The Financial Accounting Standards Board is offering an advance preview of its work so far in sorting out the wide variety of financial instruments on the market today, and determining where they belong on the balance sheet.

FASB issued a “milestone draft” titled Proposed Classification for Single-Component Financial Instruments and Certain Other Instruments to summarize its findings to date on its comprehensive project to define the differences for accounting purposes between liabilities, equities and assets.

Beresford

While the definitions of each used to be clear-cut in accounting rules, the lines have blurred as the current generation of savvy investment professionals have created new financial instruments, said Dennis Beresford, former FASB chairman and accounting professor at the University of Georgia.
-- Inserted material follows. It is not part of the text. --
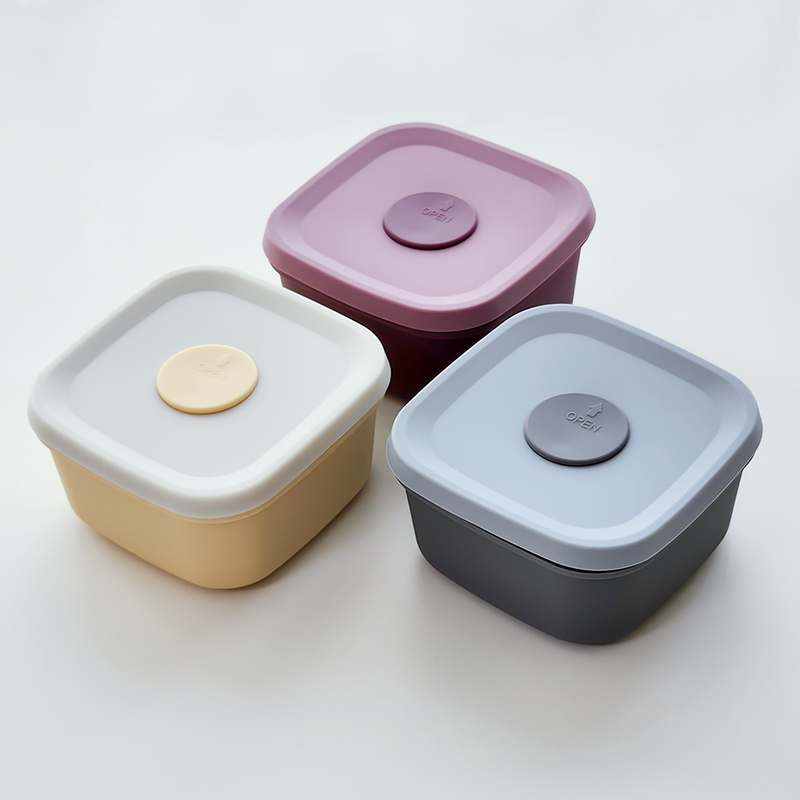 집에서 간편하게 밥을 나누는 실리콘 용기, 정말 편리하더라고요!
In many cases, newer instruments hold characteristics consistent with more than one category on the balance sheet. “Over the last 30 to 40 years, companies have gotten creative and the instruments are not as clear cut,” he said.
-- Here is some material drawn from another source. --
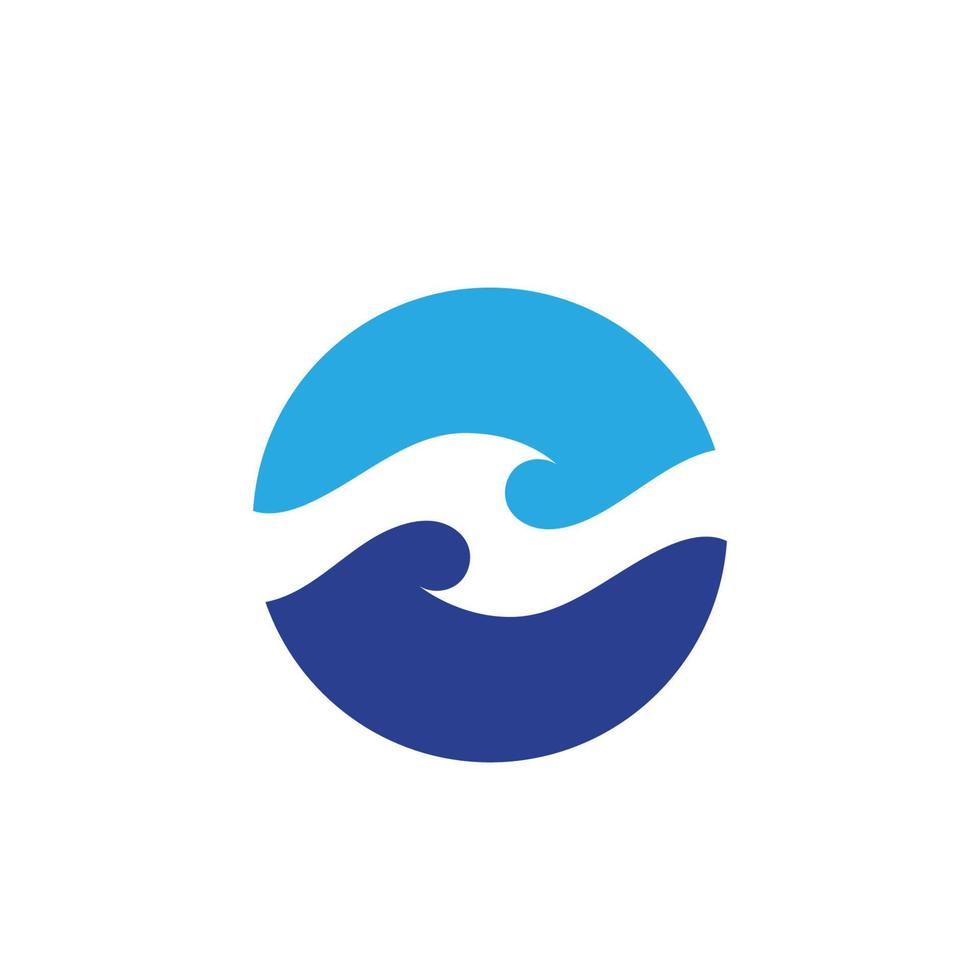 Water wave icon vector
Determining their proper classification is important for reporting purposes, he said, because it has significant implications for key financial ratios, like liabilities to equity. “Companies would prefer to classify as equity because it has a better effect on their ratios,” he said. “A lot of the instruments invented by Wall Street over the years are intended to take advantage of the rules and make things look like equity.”

FASB’s milestone draft says it is approaching the question by examining two criteria—ownership and ultimate settlement. “To provide the most useful information to users of financial statements regarding liquidity and ownership, the Board decided that classifications should be based on both economic characteristics and ultimate settlement, instead of just one of those factors,” the draft says.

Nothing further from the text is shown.